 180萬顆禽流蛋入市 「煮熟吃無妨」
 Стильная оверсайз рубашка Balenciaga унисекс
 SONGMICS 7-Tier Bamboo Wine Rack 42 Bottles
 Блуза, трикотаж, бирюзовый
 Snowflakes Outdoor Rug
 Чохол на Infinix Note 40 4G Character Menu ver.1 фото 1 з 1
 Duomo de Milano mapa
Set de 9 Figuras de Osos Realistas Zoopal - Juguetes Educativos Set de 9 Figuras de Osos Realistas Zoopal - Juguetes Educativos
····················
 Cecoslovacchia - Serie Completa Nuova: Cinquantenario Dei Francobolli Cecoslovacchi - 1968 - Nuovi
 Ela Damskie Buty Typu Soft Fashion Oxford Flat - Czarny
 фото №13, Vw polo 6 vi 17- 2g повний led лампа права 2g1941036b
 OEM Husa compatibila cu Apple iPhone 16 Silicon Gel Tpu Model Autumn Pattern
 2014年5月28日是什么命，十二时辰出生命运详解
····················
Repeat word for word the lines above that run from the line containing "180萬顆禽流蛋入市 「煮熟吃無妨」" through the line containing "Juguetes Educativos Set", both ends included, and nothing else.

Completed task:
 180萬顆禽流蛋入市 「煮熟吃無妨」
 Стильная оверсайз рубашка Balenciaga унисекс
 SONGMICS 7-Tier Bamboo Wine Rack 42 Bottles
 Блуза, трикотаж, бирюзовый
 Snowflakes Outdoor Rug
 Чохол на Infinix Note 40 4G Character Menu ver.1 фото 1 з 1
 Duomo de Milano mapa
Set de 9 Figuras de Osos Realistas Zoopal - Juguetes Educativos Set de 9 Figuras de Osos Realistas Zoopal - Juguetes Educativos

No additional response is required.